● Work order: Repeat the listing below in full and exactly. Pictures are to be omitted.

● Data block:
--- START ---
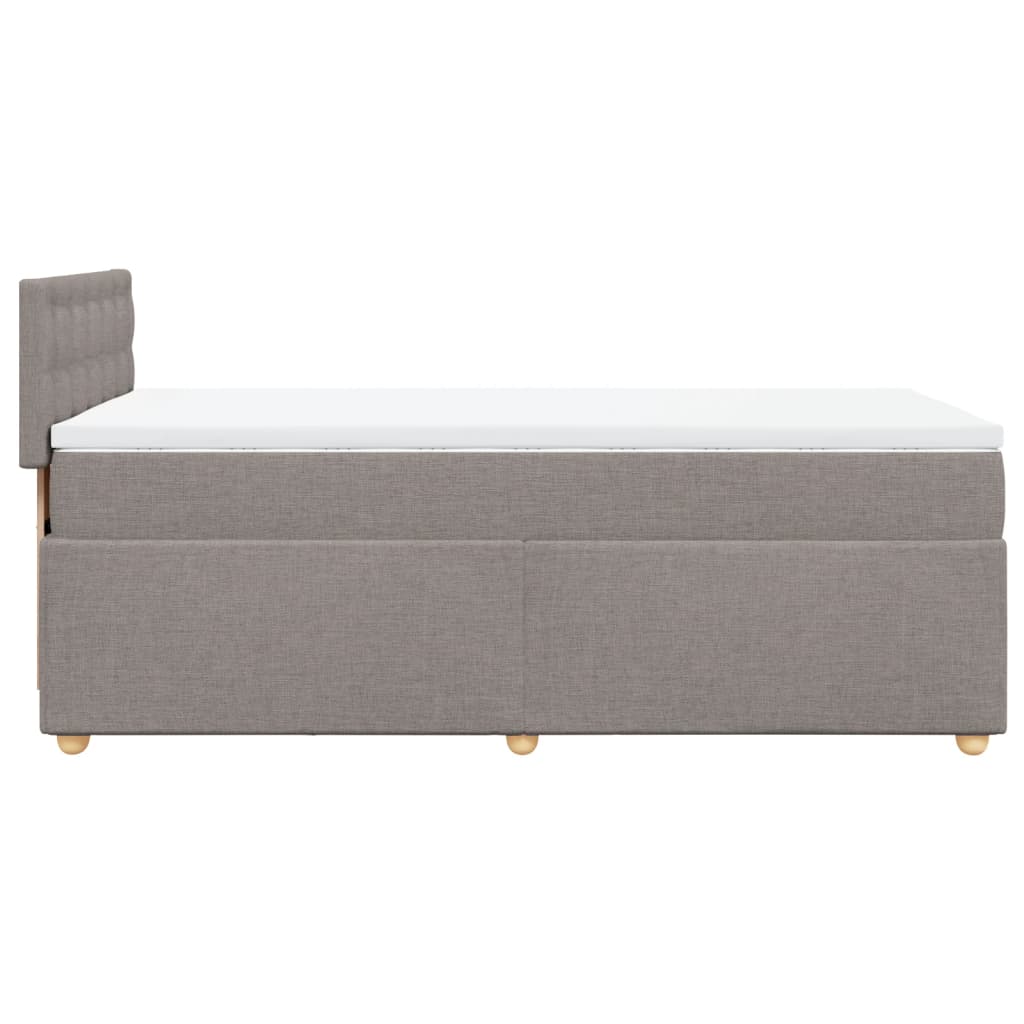 vidaXL Κρεβάτι Boxspring με Στρώμα Taupe 90x190 εκ.Υφασμάτινο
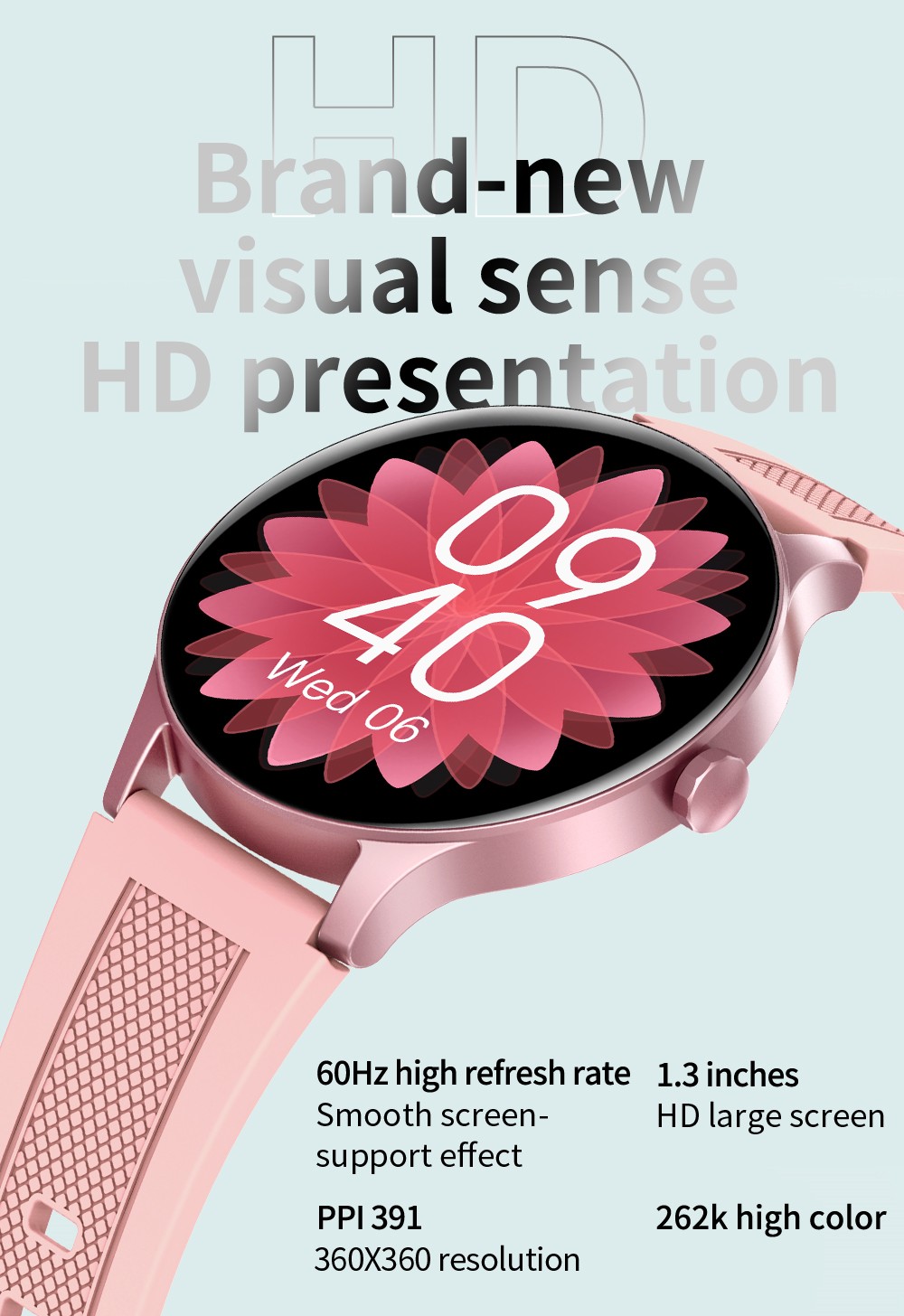 SENBONO NY20 Smartwatch Round Full Touch Screen Sports Watch Waterproof Fitness Tracker for iOS Android Gold Silicone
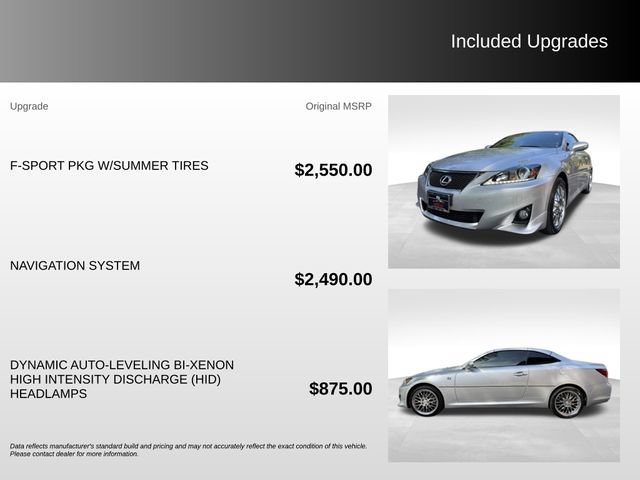 Used 2013 Lexus IS 250C w/ F-Sport Pkg w/Summer Tires RWD image 9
--- END ---
● Problem solution:
 vidaXL Κρεβάτι Boxspring με Στρώμα Taupe 90x190 εκ.Υφασμάτινο
 SENBONO NY20 Smartwatch Round Full Touch Screen Sports Watch Waterproof Fitness Tracker for iOS Android Gold Silicone
 Used 2013 Lexus IS 250C w/ F-Sport Pkg w/Summer Tires RWD image 9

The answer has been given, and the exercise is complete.